0

Types of bonds

  • Convertible bonds or convertible debentures are those that can be converted into some other kind of securities, usually common stock in the corporation that issued the bonds.
  • Fixed-rate bonds, where the interest rate remains constant throughout the life of the bond.
  • Floating-rate bonds, with a variable interest rate that is tied to a benchmark such as a money market index. The "coupon" is then periodically reset, normally every three or six months.
  • High-yield bonds are bonds that yield more than investment grade bonds. The usual reason a company has to pay more interest on their debt is that the company has poor credit rating, which means it is considered a high risk investment. Bonds with a poor credit rating are sometimes known as junk bonds. Junk bonds of companies that previously had higher credit ratings are sometimes known as fallen angels. Other companies have lower credit ratings because they are relatively unknown and haven't established enough of a track record to qualify for lower interest loans. Equity techniques are often used for the analysis of high-yield bonds, as they tend to share more characteristics than investment grade bonds. Different credit analysis techniques, such as researching the covenants of the bonds, are also considered much more important than with investment grade bonds.
  • Zero-coupon bonds, which do not bear interest, as such, but are sold at a substantial discount from their par value. The bondholder receives the full face value at maturity, and the "spread" between the issue price and redemption price is the bond's yield. (Series E savings bonds from the U.S. government are zero-coupon bonds.) Zero-coupon bonds may be created from normal bonds by finance institutions "stripping" the coupons (the interest part of the bond) from them - that is, they separate the coupons from the principal part of the bond and sell them independently from each other.
  • Inflation-indexed bonds, in which the principal (or "face" value) is indexed to inflation, which causes higher interest payments (interest is calculated as the coupon rate multiplied by the principal amount). TIPS (Treasury Inflation-Protected Securities) and I-bonds are examples of inflation indexed bonds issued by the U.S. government.
  • Securitized bonds whose interest and principal payments are backed by an underlying cash flow from another asset. For example, if a credit card company needs immediate cash to lend to credit card holders, they can issue a bond that is backed by the credit card payments. Another large market of securitized bonds are mortgage backed debt.
  • Subordinated bonds are those that have a lower priority than other debts of the issuing corporation, so if there is not enough money to pay all the company's debts, the "senior" (higher-priority) bonds are paid first, and the subordinate bonds are paid out of what money, if any, is left.
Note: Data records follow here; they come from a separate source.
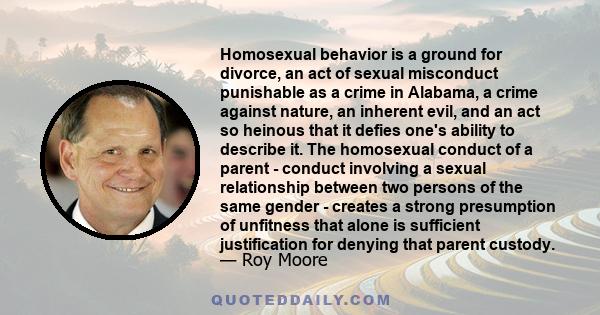 Homosexual behavior is a ground for divorce, an act of sexual misconduct punishable as a crime in Alabama, a crime against nature, an inherent evil, and an act so heinous that it defies one's ability to describe it. The 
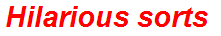 Hilarious sorts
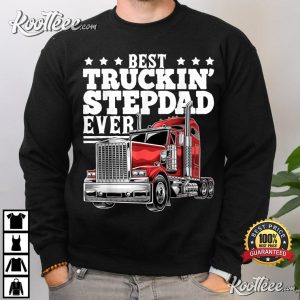 Best Truckin Stepdad Ever Father's Day Gift T-Shirt Best Truckin Stepdad Ever Fathers Day Gift T Shirt 3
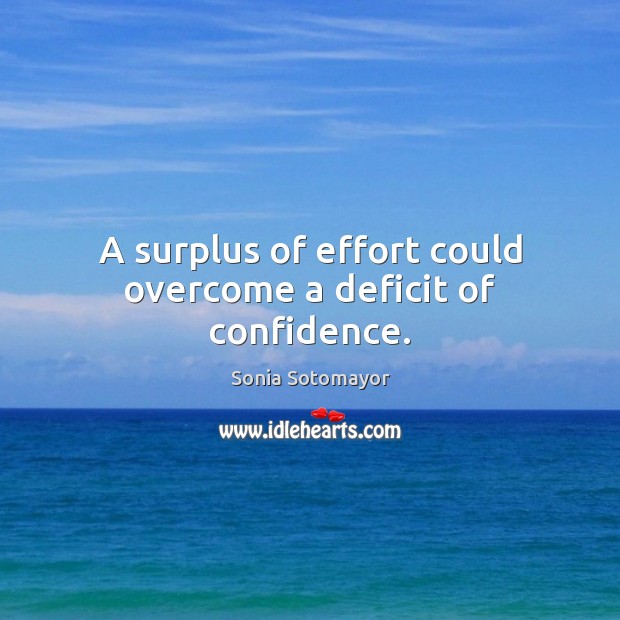 A surplus of effort could overcome a deficit of confidence. Image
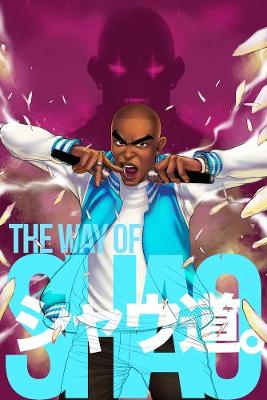 The The Way Of Shao Manga: Volume 1 - The Way Of Shao Manga 1 (Paperback)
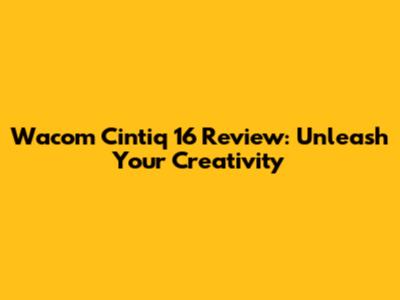 Wacom Cintiq 16 Review: Unleash Your Creativity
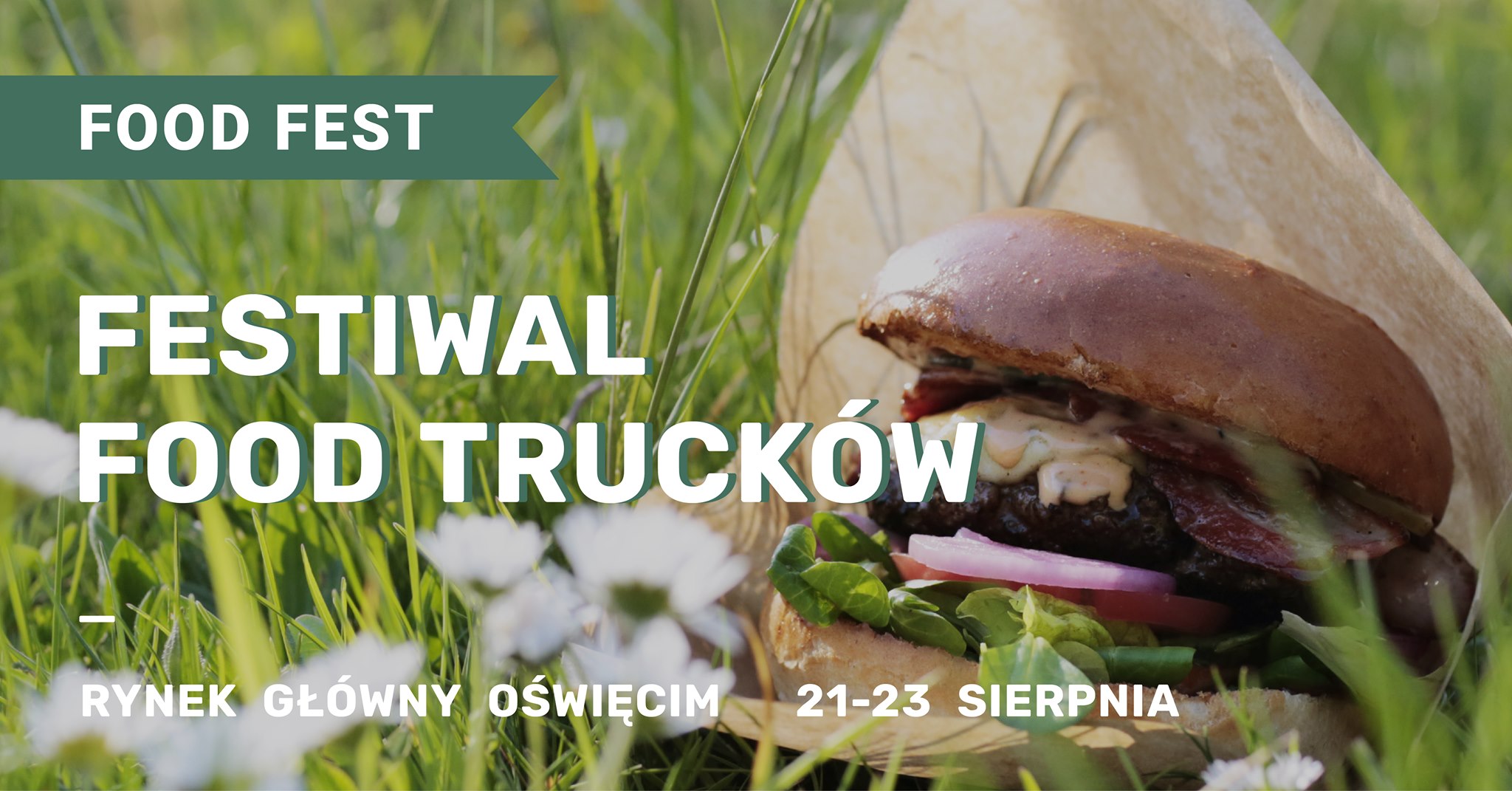 Food Fest!Oświęcim - Lato w Mieście! Festiwal Food Trucków Rynek Główny 21-23 Sierpnia zrodlo facebok oswiecim pl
These priority levels are called 'tranches', and many bonds have more than two. In some cases, the tranches don't determine whether a bond holder will be paid, but rather how fast they will be paid. For example, if the bond is a mortgage, the senior tranche might receive any funds that are prepaid by the debtor.
  • Perpetual bonds are also often called annuities. The most famous of these are the UK Consols, which are also known as Treasury Annuities or Undated Treasuries. They have no maturity date and still trade today despite, for example, dating to 1888 for the specific Consols known as the Treasury 2.5% Annuities. The concept of perpetual bonds also serves a useful purpose in that it represents an extreme case of a bond having only a cash flow and no re-payment of principal, being the theoretical opposite in many ways of a Zero-coupon bond which has no cash flow during the life of a bond and has only a re-payment of principal against a purchase price at a discounted par value. Perpetual bond concepts thus serve an extremely useful purpose, along with Zero-coupon bond concepts, for estimating the volatility of many other bond types having characteristics falling between the extremes of perpetual bonds and Zero-coupon bonds under conditions of variable yields, variable maturity dates, and variable basis point shifts that may occur during the life of a bond.

By issuer

  • Government bonds ("sovereign bonds"), are issued by national governments.
    • Germany. Bunds are bonds issued by the German government.
    • United Kingdom. Gilts are bonds issued by the government of the United Kingdom in sterling.
    • US. Treasury bonds.
    • Municipal bonds are issued by local governments in the US.